Pools featured include one other in Panther Ridge, one on Snead Island, one near the Sarasota-Bradenton International Airport and one on Siesta Key.
The premiere will profile the Siesta Key project. To make it "insane," Congdon convinced homeowners David and Kathy McCabe to upsize their plan for a $25,000 koi pond to a $165,000 pool remodel.
David McCabe, who initially resisted the expense of the bigger project, said he and his wife were blown away by the final reveal of a yard-spanning aquatic environment for his family and the koi.
"It was a huge, spectacular change," he said.

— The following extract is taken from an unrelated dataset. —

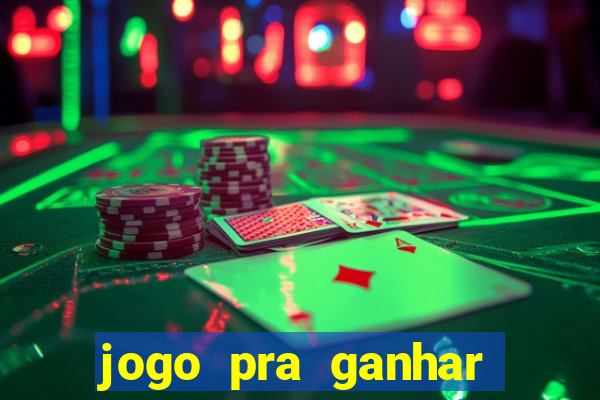 jogo pra ganhar dinheiro rapido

While the pools might seem to have little connection with the "Animal Planet" theme, network spokeswoman Karin Failla said outdoor "wish fulfillment" programs are popular with viewers.
"Our viewers thrive on being outdoors and reconnecting with nature," Failla said. "Lucas' clients reflect this sentiment by wanting to have nature at their fingertips right in their backyard."
Homeowners featured on the show paid for the pools to be built, although Congdon discounted his work about 10 percent to make their screen time worth it. Paid about $1,500 per episode, he said he likely lost money building the pools for the series, but believes he'll make up for it by picking up big-dollar pool jobs around the United States and internationally. A commercial preview version of some of the filming has already been released, as has a trailer on Animal Planet's website. As a result, he's flying to the Caribbean next week to bid a job.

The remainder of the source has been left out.